On Feeling Safe

 Heading to a church service in college

Heading to a church service in college

Feb, 1993. I was 18 years old, sitting with my best friend at a ‘Fireside Chat’, a talk on spiritual or religious topics, by one of the leaders of my faith. We sang a hymn together and then bowed our heads for the prayer. As the speaker, one of the church leaders, started to talk, an audience member strode up to the dais. He was carrying a suitcase, shouting, and waving something with his hand.

Bomb.

The word was shouted. I didn’t actually understand it when I heard it. I was waiting to hear inspired words of faith. Instead, the man rushed the podium, ordered everyone off, and handed the speaker a paper.

Bomb.

I suddenly understood the word. I felt my heart race as I sat, watching from my seat. Scared and uncertain, I gripped the hand of my companion. Was I about to watch our leader and several classmates be blown to bits? The helplessness of being only able to watch was indescribably awful. Someone started singing a hymn and I gratefully joined in.

Bomb.

Singing and watching, we poured our fear into our faith. For ten minutes, we watched the terrorist angrily argue with the church leader. We watched the leader indicate no, shaking his head.

Bomb.

Something happened to embolden the two body guards for the speaker. They moved with purpose and disarmed the terrorist, with young audience members joining them. It was over. The man was escorted out. We breathed a collective sigh of relief. The leader stood up to continue his spiritual talk and we moved on.
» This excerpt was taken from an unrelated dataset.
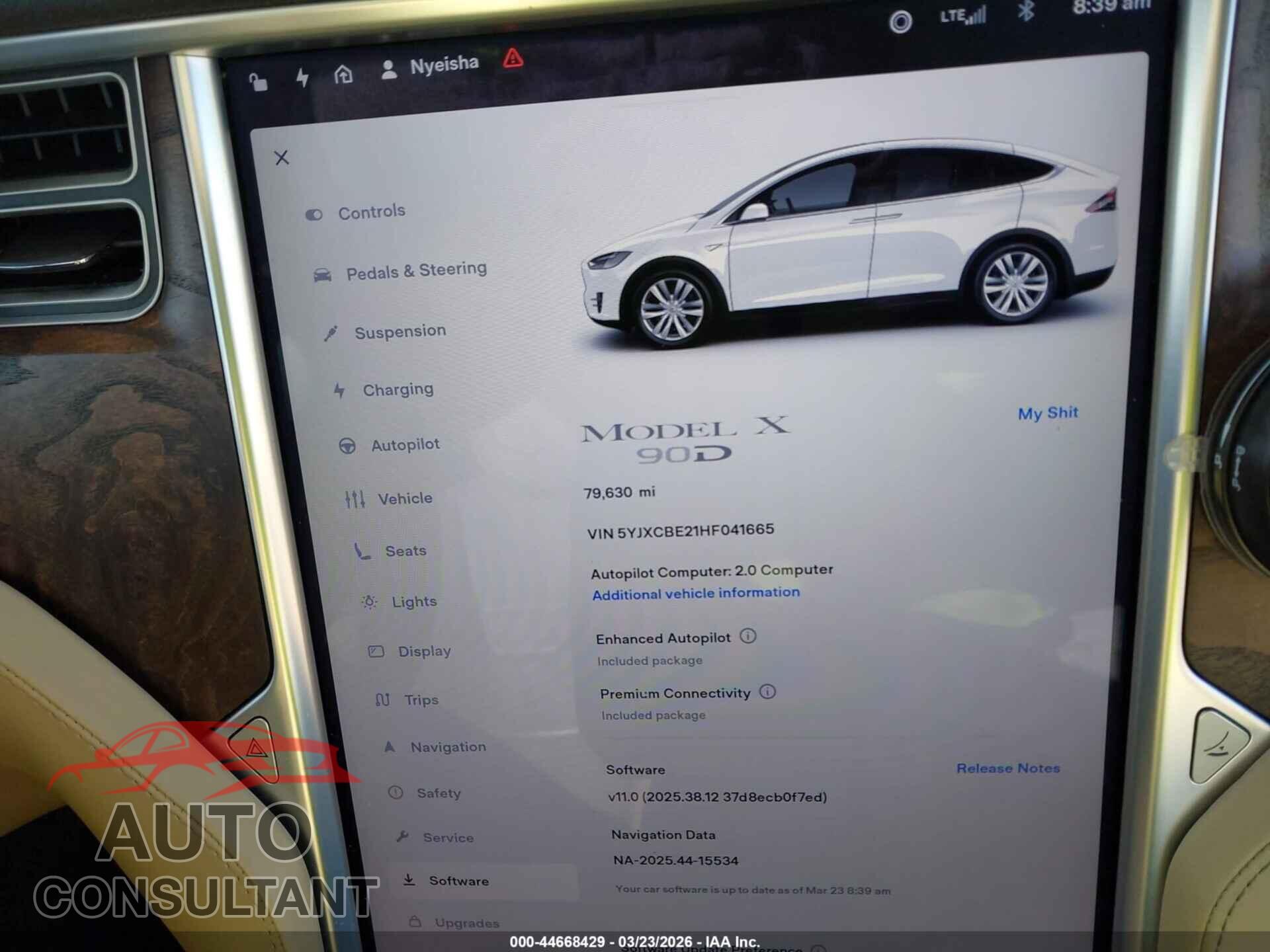 TESLA MODEL X 2017 - 5YJXCBE21HF041665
That wasn’t the first time I experienced the possibility of violence in my life. It was the first time I felt it as a result of something wholly unrelated to the idea of violence. To worship, to pray, to follow your faith, is most usually about connection- the opposite of violence and terrorist threats. Fall of 2018 we have seen pipe bombs delivered to political officials and reporters and faithful people gunned down in their place of worship.

Domestic terrorism.

Twice this year I have attended conferences that were threatened with violence. I run in the mornings and in the back of my mind, I usually remember the women who have been killed, attacked, assaulted while running. I go to the movie theater and wonder if there is another Batman shooter at my fun action-movie premiere. I attend open air concerts and occasionally feel a twitch and wonder if this is the concert someone will copy cat the Vegas shooter and open up on a concert in Colorado. The last open air concert I attended, two of the band members were survivors of a massacre at a concert in Paris.

The politics of fear.

I have evidence that my politics and my interests put me in danger of being shot and killed. And I am a white girl. I don’t have the additional layer of race to increase the odds of violence I might experience.
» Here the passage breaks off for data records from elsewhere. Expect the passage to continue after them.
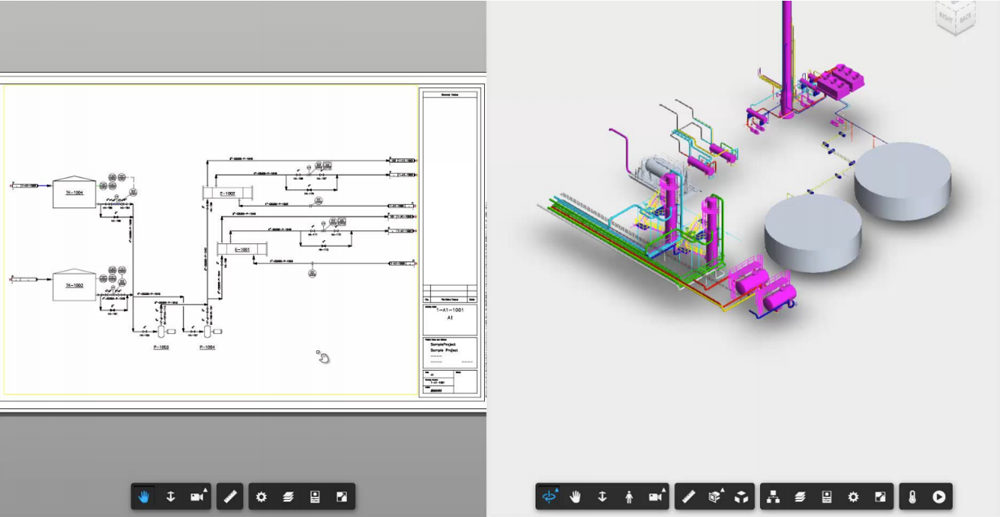 Tính năng tương tác giữa sơ đồ P&ID và mô hình 3D (Ảnh: Autodesk, Inc.)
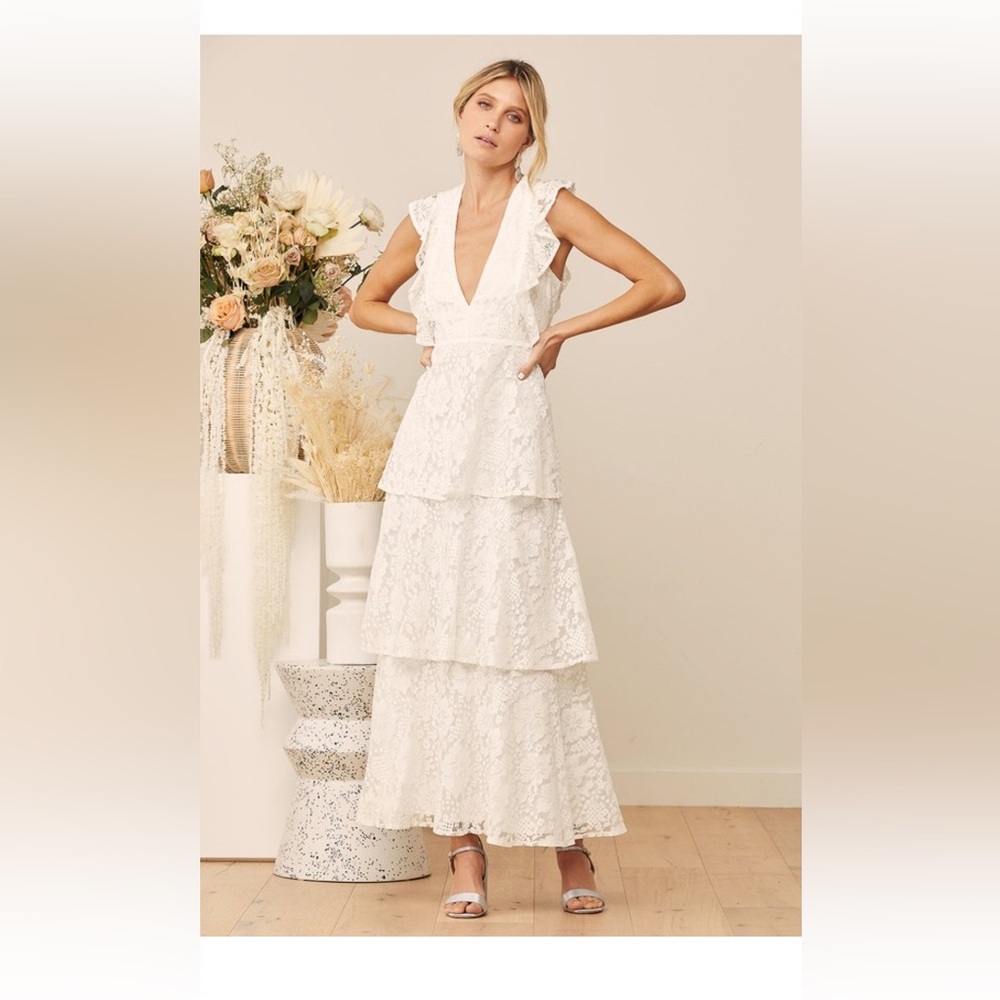 White Tiered Lace Dress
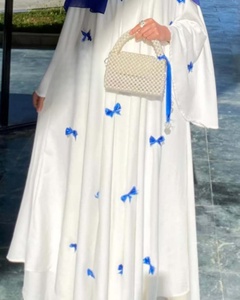 <strong>New</strong> Arrival Loose Waist Big Wing Long Dress Bow Decoration Stand Collar Flare Sleeves Women <strong>Abaya</strong> - Product Image 6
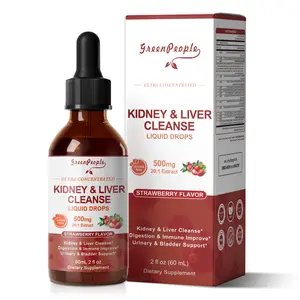 GREENPEOPLE Kidney & Liver Detox – 27-in-1 Liquid Cleanse with Cranberry & Milk Thistle – Urinary & Liver Support – 2oz, Strawberry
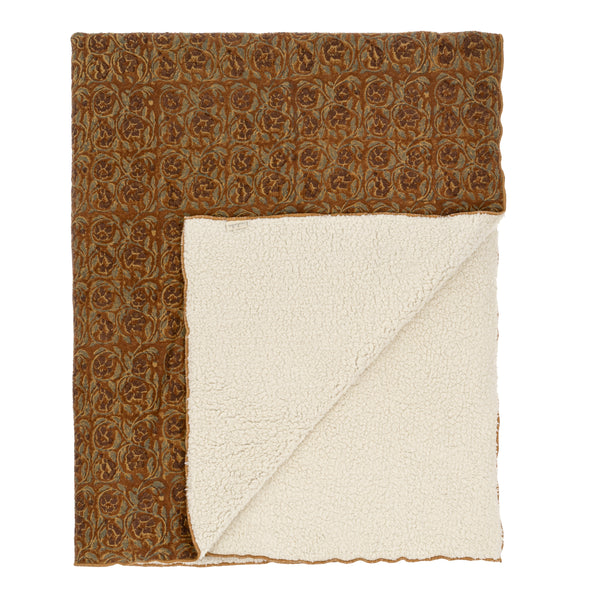 Mayur Block Print Sherpa Throw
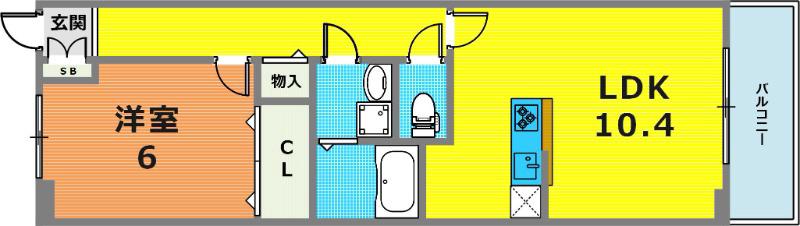 ベイビュー(1LDK/1階)の間取り写真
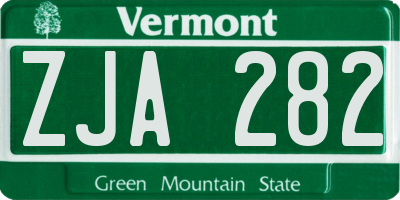 VT license plate ZJA282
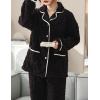 imageFlygo Womens Fluffy Pajama Sets Fleece Warm Lapel Top and Pant Sleepwear LoungewearBlack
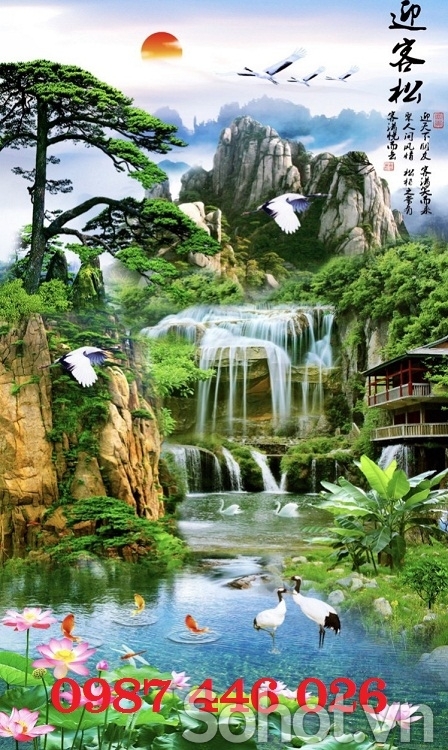 Gạch tranh thác nước phong cảnh 3d HP672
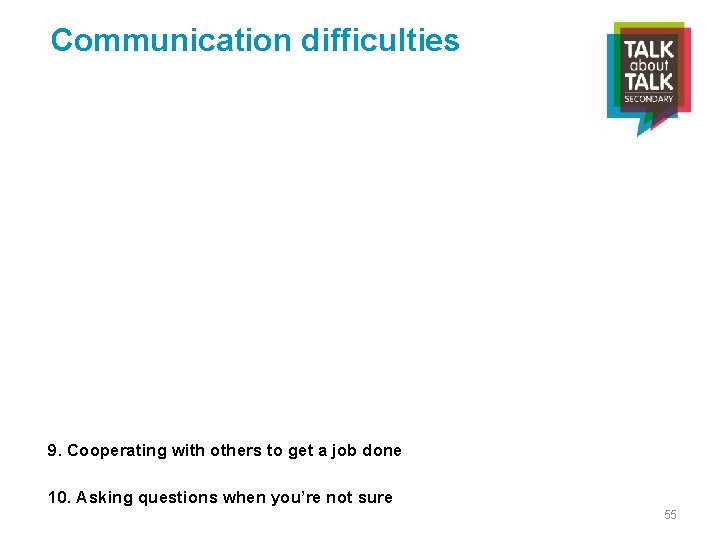 Communication difficulties 9. Cooperating with others to get a job done 10. Asking questions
I won’t let it stop me from going out or supporting the causes I believe in. And, for those of you that wonder why people make ‘a big deal’ about the rhetoric of violence, this is why. Because, for some of us, the reality that we may be killed in a house of worship, attending a movie, doing our job, or attending a conference is very real. It matters when leaders speak in ways that imply or outright state violence is acceptable. Or violence is a solution. Or violence is inevitable. Or that some people are more valuable than others. We have become the countries we used to look down on. The countries with bomb threats in coffee houses, where people terrorize each other on the streets. America’s beacon of light is tarnished with the blood of the innocent and the fear of the privileged. And it is time to wake up and notice if you are part of the problem.